Автор нигде не дает понять, воцерковленный ли он человек, но сам-то он хорошо знает, что колокольный звон – это «глас Божий». Рассказывает, как в Теплом Стане у целого дома украли солнце, когда напротив построили многоэтажку; как дочку Аню во дворе ужалила гадюка, одомашненная соседскими мальчишками. А ведь читал в цитируемом неоднократно словаре «Славянская мифология», что, когда солнце закрывали несущие град тучи, в деревнях их прогоняли колокольным звоном; что там, где звона же или человеческого голоса не слышали семь лет, уж превращался в крылатого змея. И не этот ли змей поселился со своими шумами в китайском ресторане «Золотой дракон» напротив храма Архистратига Михаила и дома Сергея Юрьевича на Погодинской улице.
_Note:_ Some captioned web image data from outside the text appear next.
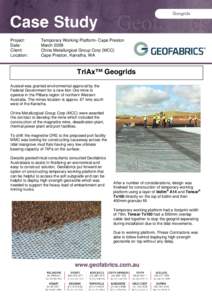 Geotechnical engineering / States and territories of Australia / Tensar / Cape Preston / Geogrid / Geotextile / China Metallurgical Group Corporation / Iron ore / Karratha /  Western Australia / Geography of Western Australia / Pilbara / Geography of Australia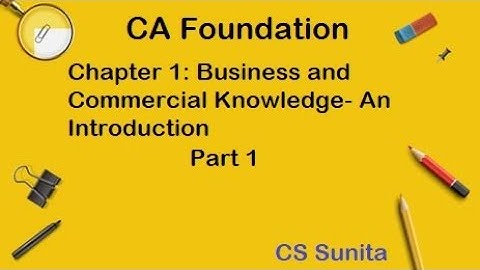 CA Foundation Chapter 1 -BCK| Business and Commercial Knowledge| Part 1 (Topic 1.2, 1.3 and 1.4.1)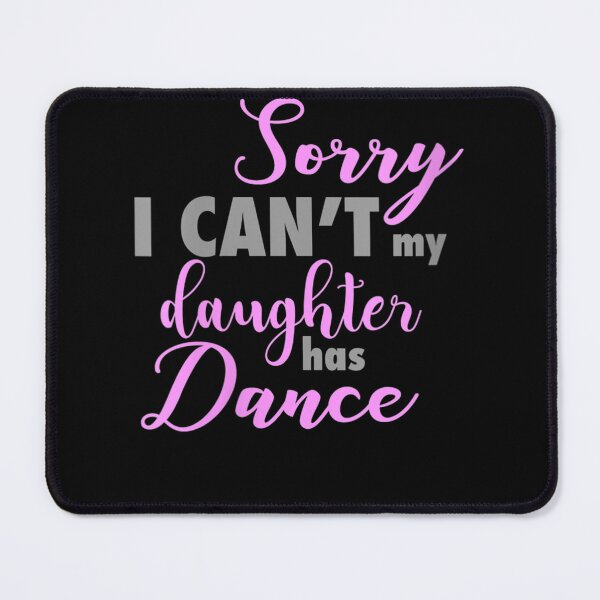Item preview, Funny Dance Mum Sorry I cant my Daughter has Dance designed and sold by TaraxDoolittle.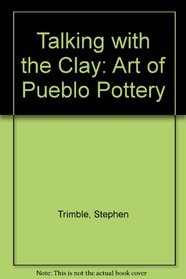 Talking with the Clay: Art of Pueblo Pottery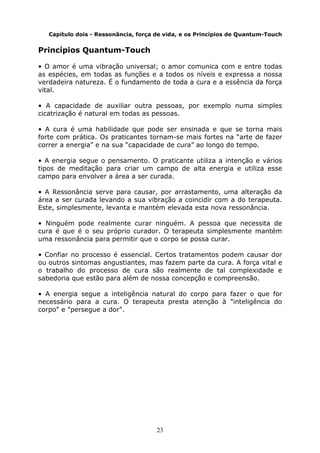 23
Capítulo dois - Ressonância, força de vida, e os Princípios de Quantum-Touch
Princípios Quantum-Touch
• O amor é uma vibração universal; o amor comunica com e entre todas
as espécies, em todas as funções e a todos os níveis e expressa a nossa
verdadeira natureza. É o fundamento de toda a cura e a essência da força
vital.
• A capacidade de auxiliar outra pessoas, por exemplo numa simples
cicatrização é natural em todas as pessoas.
• A cura é uma habilidade que pode ser ensinada e que se torna mais
forte com prática. Os praticantes tornam-se mais fortes na “arte de fazer
correr a energia” e na sua “capacidade de cura” ao longo do tempo.
• A energia segue o pensamento. O praticante utiliza a intenção e vários
tipos de meditação para criar um campo de alta energia e utiliza esse
campo para envolver a área a ser curada.
• A Ressonância serve para causar, por arrastamento, uma alteração da
área a ser curada levando a sua vibração a coincidir com a do terapeuta.
Este, simplesmente, levanta e mantém elevada esta nova ressonância.
• Ninguém pode realmente curar ninguém. A pessoa que necessita de
cura é que é o seu próprio curador. O terapeuta simplesmente mantém
uma ressonância para permitir que o corpo se possa curar.
• Confiar no processo é essencial. Certos tratamentos podem causar dor
ou outros sintomas angustiantes, mas fazem parte da cura. A força vital e
o trabalho do processo de cura são realmente de tal complexidade e
sabedoria que estão para além de nossa concepção e compreensão.
• A energia segue a inteligência natural do corpo para fazer o que for
necessário para a cura. O terapeuta presta atenção à "inteligência do
corpo" e "persegue a dor".
 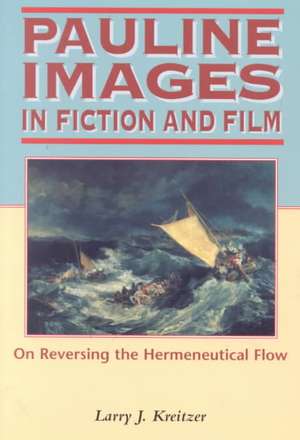 Pauline Images in Fiction and Film: On Reversing the Hermeneutical Flow de Larry Joseph Kreitzer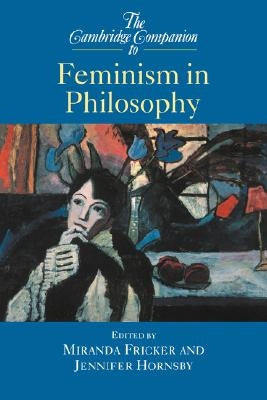 The Cambridge Companion to Feminism in Philosophy by Fricker, Miranda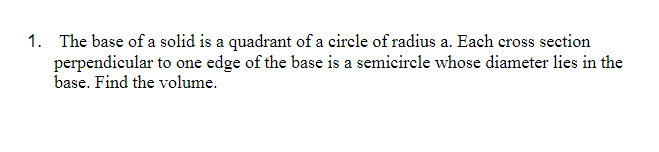 1. The base of a solid is a quadrant of a circle of radius a. Each cross section
perpendicular to one edge of the base is a semicircle whose diameter lies in the
base. Find the volume.
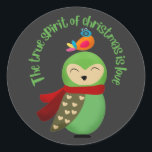 DE WARE SPIRIT VAN CHRISTMAS IS LOVE BABY T-Shirt Ronde Sticker<br><div class="desc">Een geweldig kerstcadeauidee voor mama,  vader,  zus,  broer,  vriendin,  vriend,  oom,  tante,  oma,  opa,  familie en vrienden op Kerstmis en Nieuwjaar.Trendy,  stijlvol en uniek kerstcadeau.</div>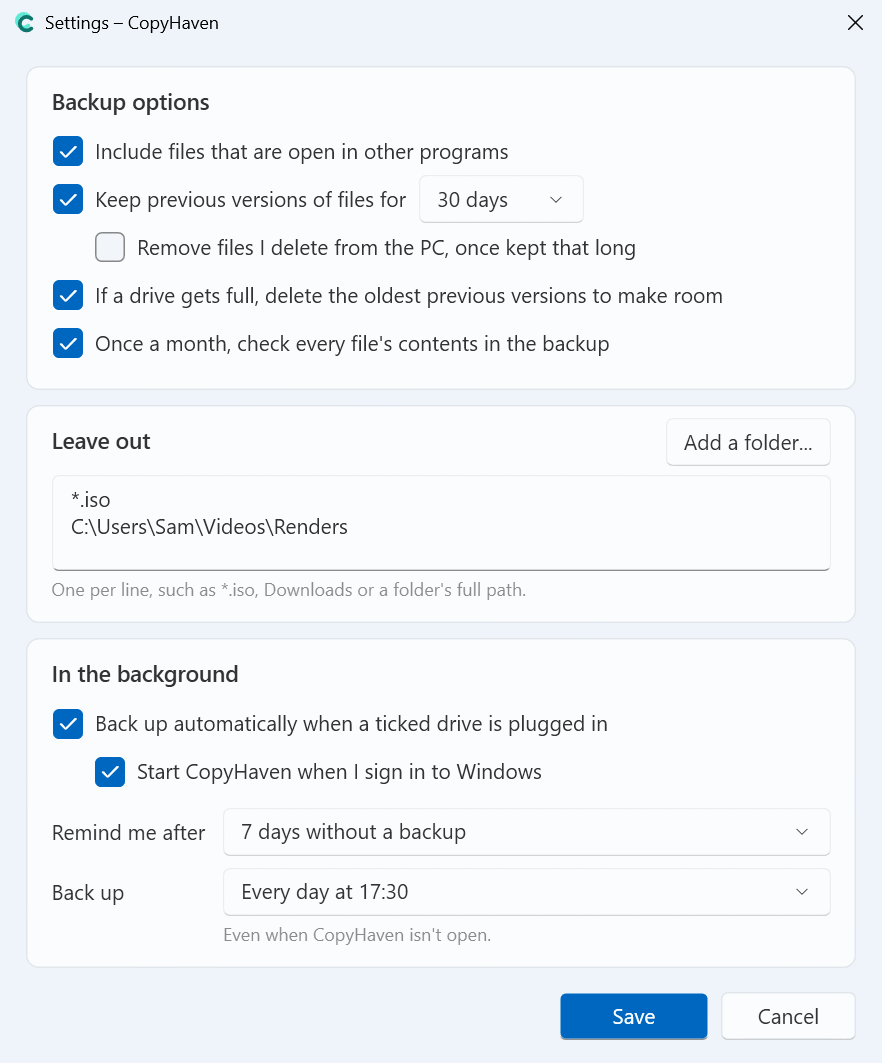 CopyHaven's settings: include open files, keep previous versions for 30 days and make room when a drive is full, a thorough check once a month, leave out *.iso files and a Renders folder, back up automatically when a drive is plugged in, and every day at 17:30.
Здесь его вновь обокрали; здесь лет восемь назад злые люди из ДЭЗа срубили на его балконе самосеянную, с неба занесенную «милую» березу (оберег). Здесь, наконец, он услышал ночью неурочный крик петуха. Звон ведь тоже не всегда, по народным поверьям, отгонял воров, сулил хорошие урожаи и защищал от нечистой силы; в определенные моменты он еще и смерть предвещал…
Комментируя в первой главе заключительные строки «На Маковце» П. А. Флоренского, Сергей Юрьевич с поразительной образностью и – оттого – точностью выразил свое научное (методологическое) кредо, свое представление о глубокой тайне познания, имя которой – Тишина:
«Мимолетно затронутое остается в букете, в сложном аромате Бытия; чрезмерно нагретое усердием аналитической мысли улетучивается, испаряется, и капля полученного экстракта не способна ни передать, ни тем более вернуть утраченного живого единства. Свободное же сплетение ассоциаций, образов, музык природы и Бетховена, мистик ночи, дня, вечера и утра – ведет в глубины великой тайны Тишины».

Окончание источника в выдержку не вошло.